Copy the complete listing word for word, but do not carry over any images.
========
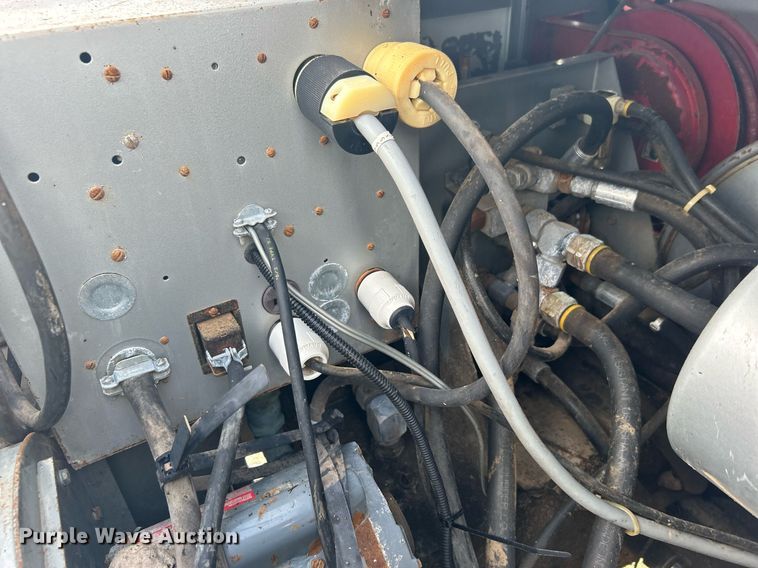 image for item OM9214 1987 Hesco 150010  mobile power unit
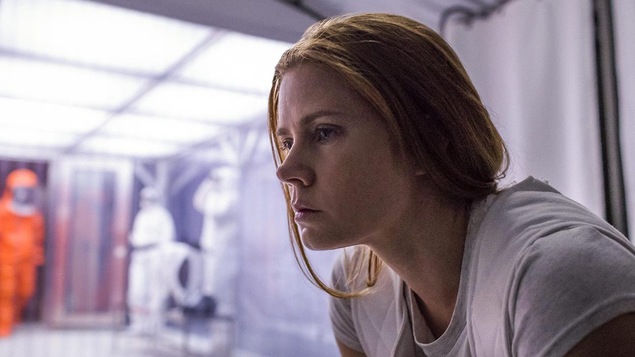 Amy Adams dans le film « Arrival » Amy Adams dans le film « Arrival »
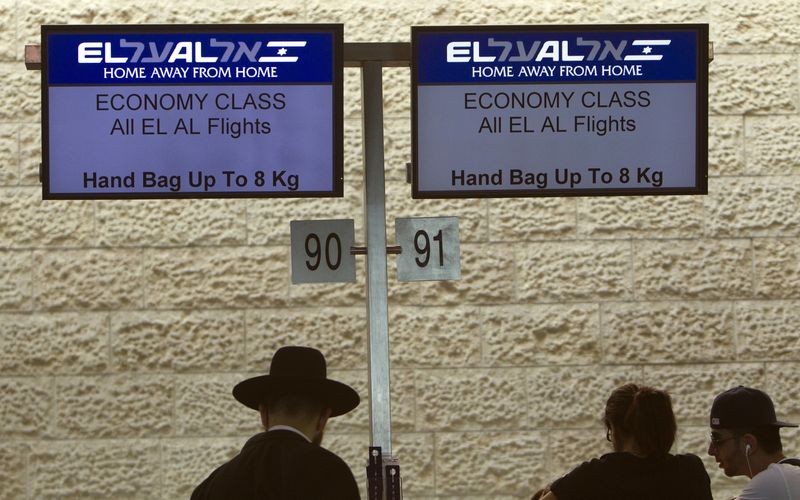 &copy; Reuters. شعار شركة طيران العال الإسرائيلية في مطار بن جوريون بالقرب من تل أبيب في صورة من أرشيف رويترز.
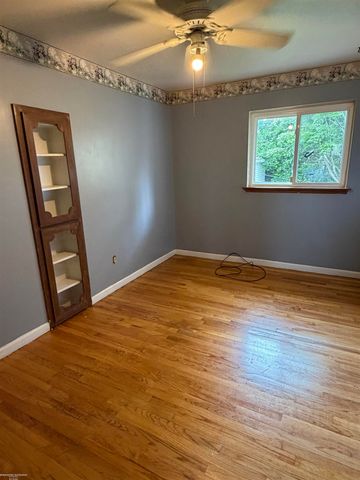 26125 Huntington Drive, Roseville, MI 48066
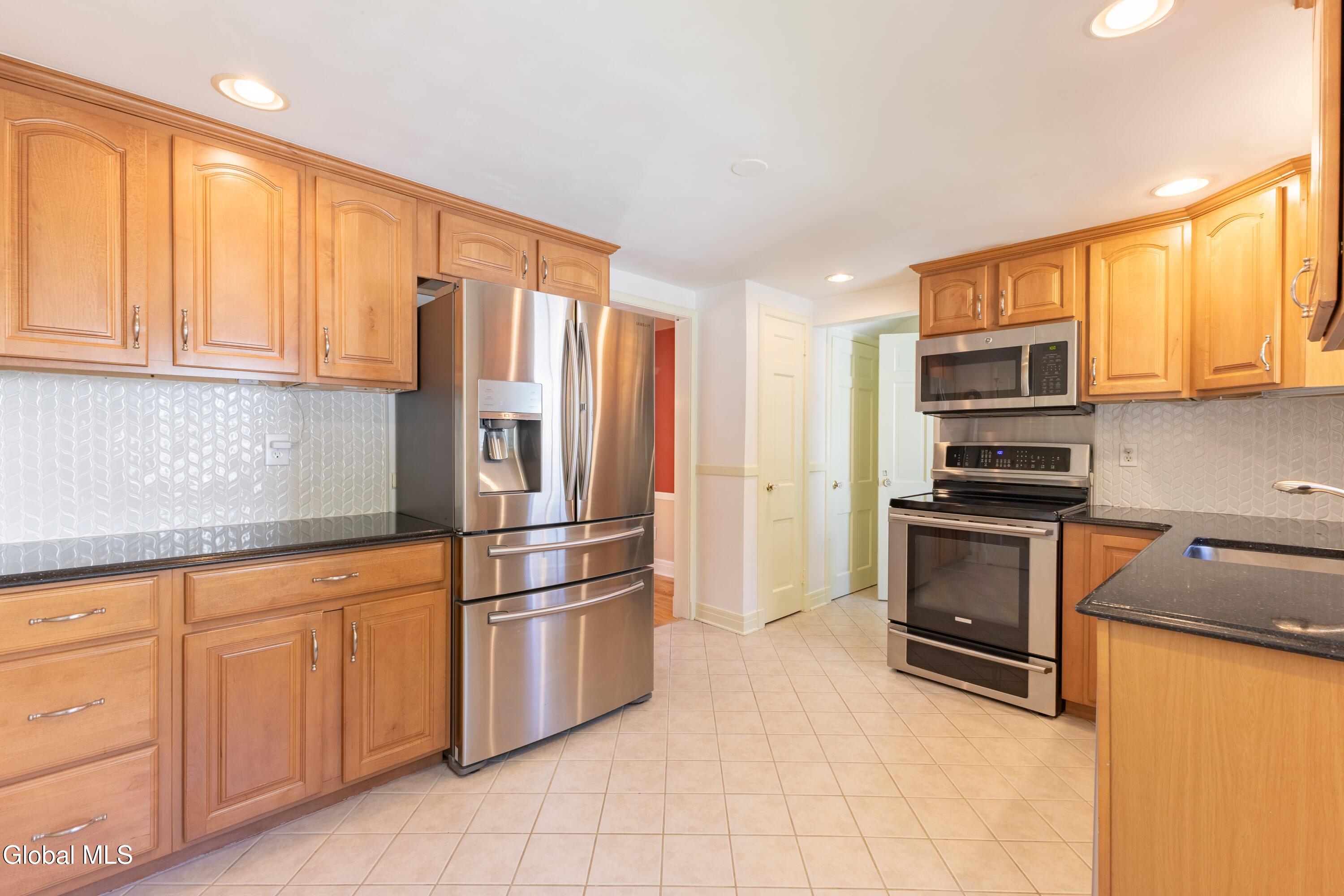 28 Douglas Road Delmar NY 12054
========
- **RESPONSE BELOW**
 image for item OM9214 1987 Hesco 150010  mobile power unit
 Amy Adams dans le film « Arrival » Amy Adams dans le film « Arrival »
 &copy; Reuters. شعار شركة طيران العال الإسرائيلية في مطار بن جوريون بالقرب من تل أبيب في صورة من أرشيف رويترز.
 26125 Huntington Drive, Roseville, MI 48066
 28 Douglas Road Delmar NY 12054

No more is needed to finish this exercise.